The last couple of these features are symptoms of a sort of philosophical difference between (how I think of) my log and how mt works. mt thinks of the Real Weblog as being the stuff in its database, the history of dated and titled entries and the current templates. To produce the Outward and Visible Weblog, the current templates are run against the entries. On the other hand I think of the Real Weblog as being these static pages, and I don't ever want any process to go back and apply today's page design to the pages from 1999. mt seems to be designed to do exactly this, unless I've missed a way to associate different archive and index templates with different date-ranges of entries.

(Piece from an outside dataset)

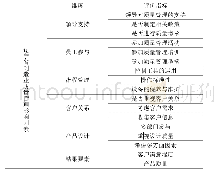 表3 辽宁省制造业质量管理影响因素量表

Of course one could argue that I *shouldn't* think of my weblog this way, but I'm not very receptive to such arguments. *8) It comes back to what I said earlier: using mt (and especially using any other less friendly and flexible CMS) would mean having to change at least some small details of how I work, for the sake of lots of features I don't want (comments, "blo.gs" pinging, trackbacks, etc, etc, etc), and maybe a few features that I do want (being able to put in new entries over the Web from random machines is attractive; on the other hand I'm not sure that in order to get it I'm willing to have the master copy of my weblog hidden inside a database somewhere in England rather than in nice flat files that I understand in a machine on my lap, etc, etc).

So at least for the moment I remain a proud user of a flat text editor and raw cut-and-paste. If I'd started out with mt I'm sure I'd love it. But we are where we are, and I tend to get attached to things...

Tx for prodding me into investigating and thinking, though!